Explanation. Nowadays we can buy and eat a wide variety of foods all year around because a) foods can be transported around the world on lorries, boats and even planes and b) farms use large greenhouses to control the temperature and create perfect growing conditions. Thus, tropical fruits can come from places with hot climates like Asia, Latin America, and Africa.

However, some foods are not seasonal. Meat and dairy can be produced all year around. Cows are milked and chickens produce eggs from January all the way to December.

QUESTION: The only reason to eat local food is to save money.  A) False   B) True

Explanation: It is true that the longer food travels from the farm or food industry to the grocery store, the higher the cost for the families – as food grown locally in-season is tastier and cheaper to buy. However, there are other reasons to prefer seasonal food.

  • Eating seasonally is fresher, tastier and more nutritious than when it is grown and consumed in its natural season than the equivalent imported produce or those produced out of season.
  • Thus, even though we all like to eat strawberries year round, the best time to eat them is when they can be purchased directly from a local grower shortly after harvest. Seasonal fruits and vegetables produced on local farms are often fresher, as they do not require long distances for transport. Additionally, studies have shown that fruits and vegetables contain more nutrients when allowed to ripen naturally on their parent plant. In conclusion, a seasonal eating plan is healthier for you and your family.
  • Having a seasonal food calendar in your fridge door can be helpful
  • Purchasing locally grown foods helps support local farms and maintains farmland and open spaces in your community.
  • Local food supports the local economy. The money you spend on products from local farmers and growers stays in the community and is reinvested in other local businesses. In addition, food grown, processed, and distributed locally (for example, to local restaurants) generates jobs and subsequently helps stimulate local economies.
  • Local growers can tell you how the food was grown. When you buy directly from farmers, you have the opportunity to ask what practices they use to raise and harvest their crops. When you know where your food comes from and who grew it, you know a lot more about your food.
  • Eating seasonal produce is better for the environment, because less fuel is used when choosing in-season produce that is local to your area.
  • Seasonal meal planning is just plain easier

When you create your own meal plan for a season, then you could transfer it to the next month or season, according to seasonal or recipes for every season or months.
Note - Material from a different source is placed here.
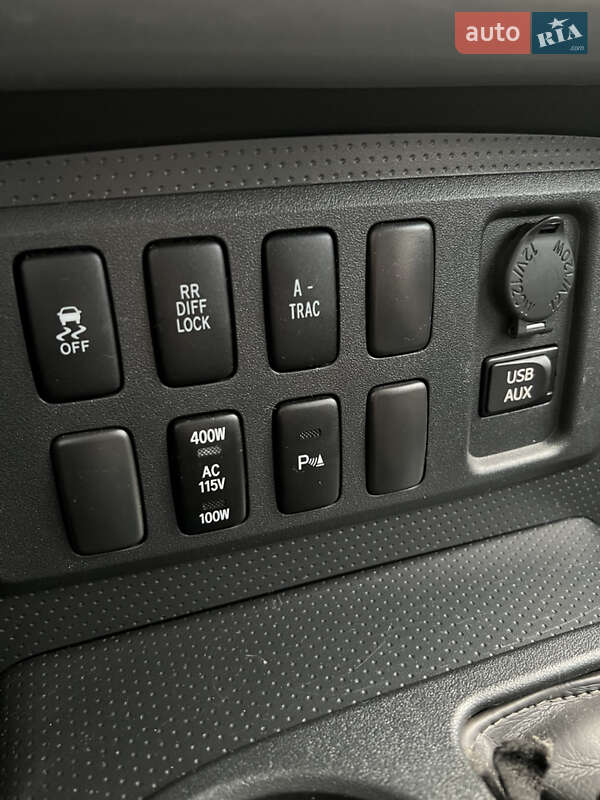 Внедорожник / Кроссовер Toyota FJ Cruiser 2012 в Рахове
Every family should know the guideline of what produce, specially fresh fruits and vegetables, is in season for Spring, Summer, Fall, and Winter or in every month, in their country or region, because the weather conditions vary around the world and also the seasonal grown produce.

Next, we attach several national guides of seasonal foods to several countries:

QUESTION: It is possible only eating seasonal food?  

Some countries have been involved in several projects that aim to encourage the consumption of seasonal and local food, and thus reduce the environmental impact of diets. Examples include ‘The Fife Diet’ in Scotland, 100-mile diet in Canada, and the Nordic diet. There have been attempts to eat only locally produced foods for a whole year – actually, this is how the 100-mile diet started. A couple in Canada wanted to see if it was possible to only consume food produced within a 100-mile radius of Vancouver. Even though they were in fact able to achieve this, they explained that preparing food was too time-consuming and laborious, comparing it to a part time job. Also, they shared how difficult it was to eat a varied and balanced diet throughout the year. This is just an extreme, yet interesting, approach to seasonal eating, however, it works to identify some of the obstacles that can appear and need to be appreciated when implementing this practice.